▶ What to produce
Exact copy, no pictures: reproduce the lines from the one that holds "e2 byd: Mazda" through the end of the entries.

(Short descriptive text snippets)
^^^^^^^^^^^^^^^^

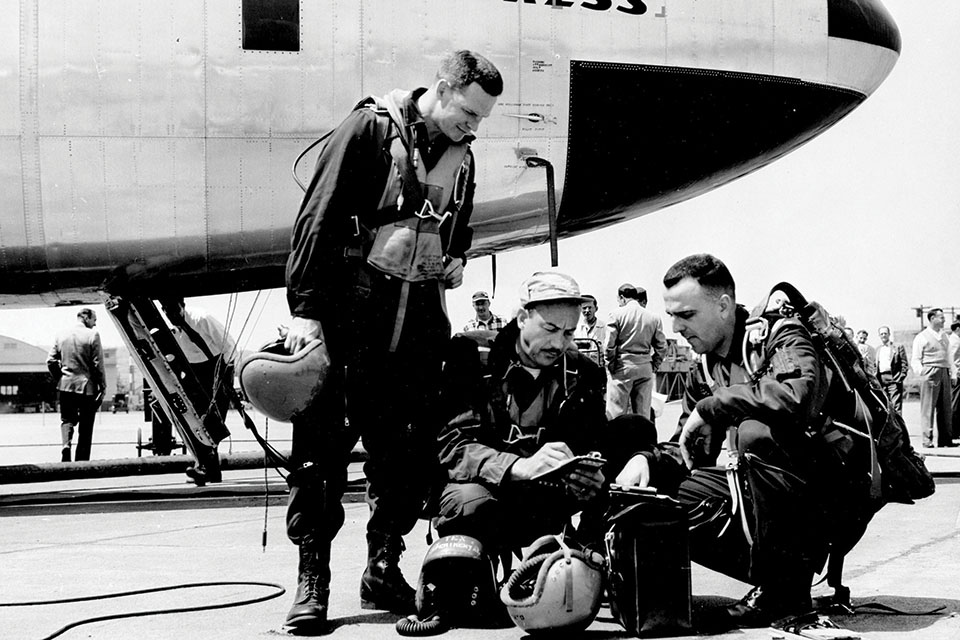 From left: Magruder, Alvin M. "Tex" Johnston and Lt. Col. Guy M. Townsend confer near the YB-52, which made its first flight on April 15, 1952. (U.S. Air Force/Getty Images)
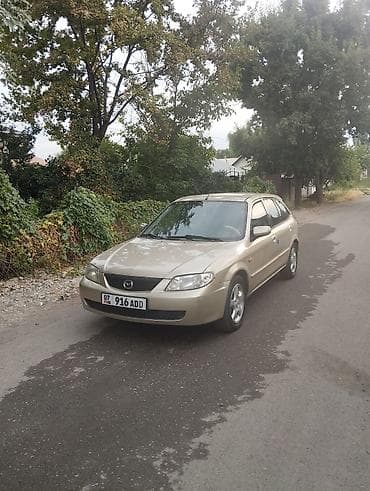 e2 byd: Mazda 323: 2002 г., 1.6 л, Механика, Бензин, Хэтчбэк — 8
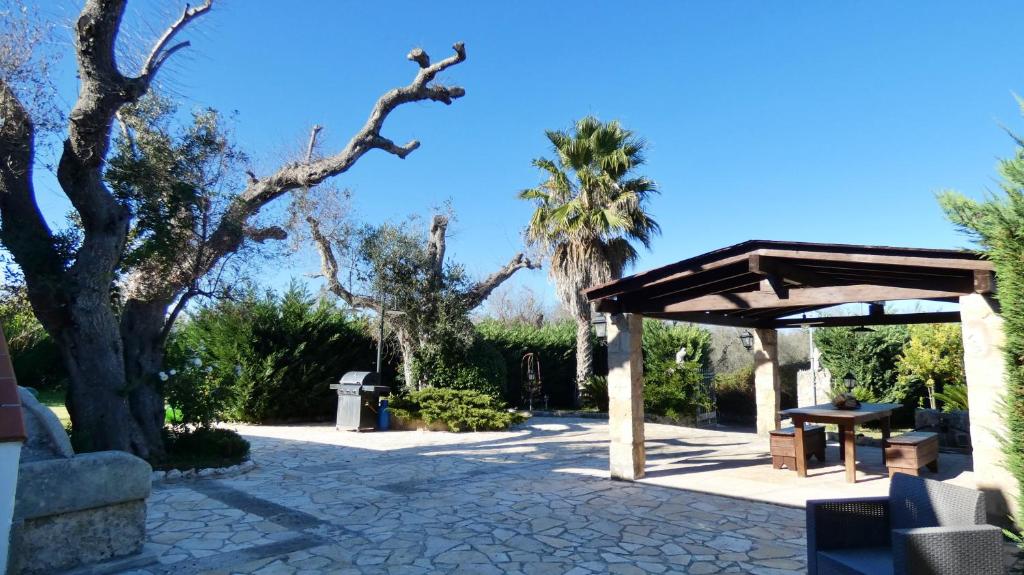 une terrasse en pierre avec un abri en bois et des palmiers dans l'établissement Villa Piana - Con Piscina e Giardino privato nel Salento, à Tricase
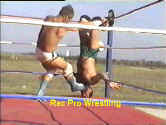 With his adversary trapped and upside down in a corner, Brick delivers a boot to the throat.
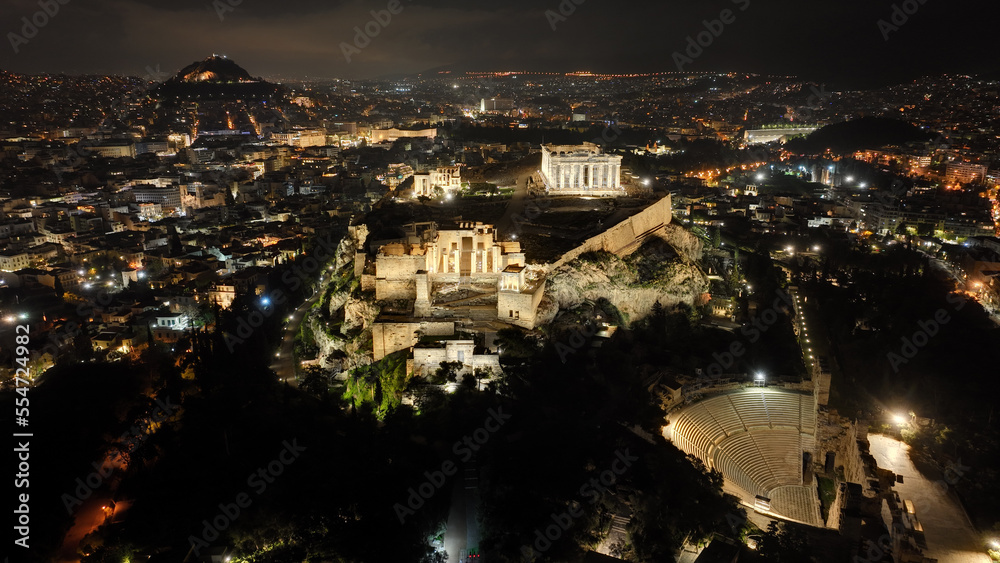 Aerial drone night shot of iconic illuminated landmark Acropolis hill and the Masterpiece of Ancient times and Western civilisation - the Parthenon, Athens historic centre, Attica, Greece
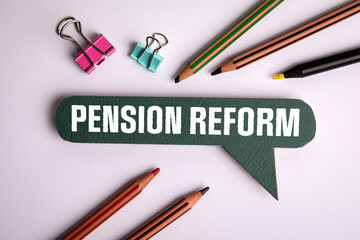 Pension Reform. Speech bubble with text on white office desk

^^^^^^^^^^^^^^^^

▶ Result below
 e2 byd: Mazda 323: 2002 г., 1.6 л, Механика, Бензин, Хэтчбэк — 8
 une terrasse en pierre avec un abri en bois et des palmiers dans l'établissement Villa Piana - Con Piscina e Giardino privato nel Salento, à Tricase
 With his adversary trapped and upside down in a corner, Brick delivers a boot to the throat.
 Aerial drone night shot of iconic illuminated landmark Acropolis hill and the Masterpiece of Ancient times and Western civilisation - the Parthenon, Athens historic centre, Attica, Greece
 Pension Reform. Speech bubble with text on white office desk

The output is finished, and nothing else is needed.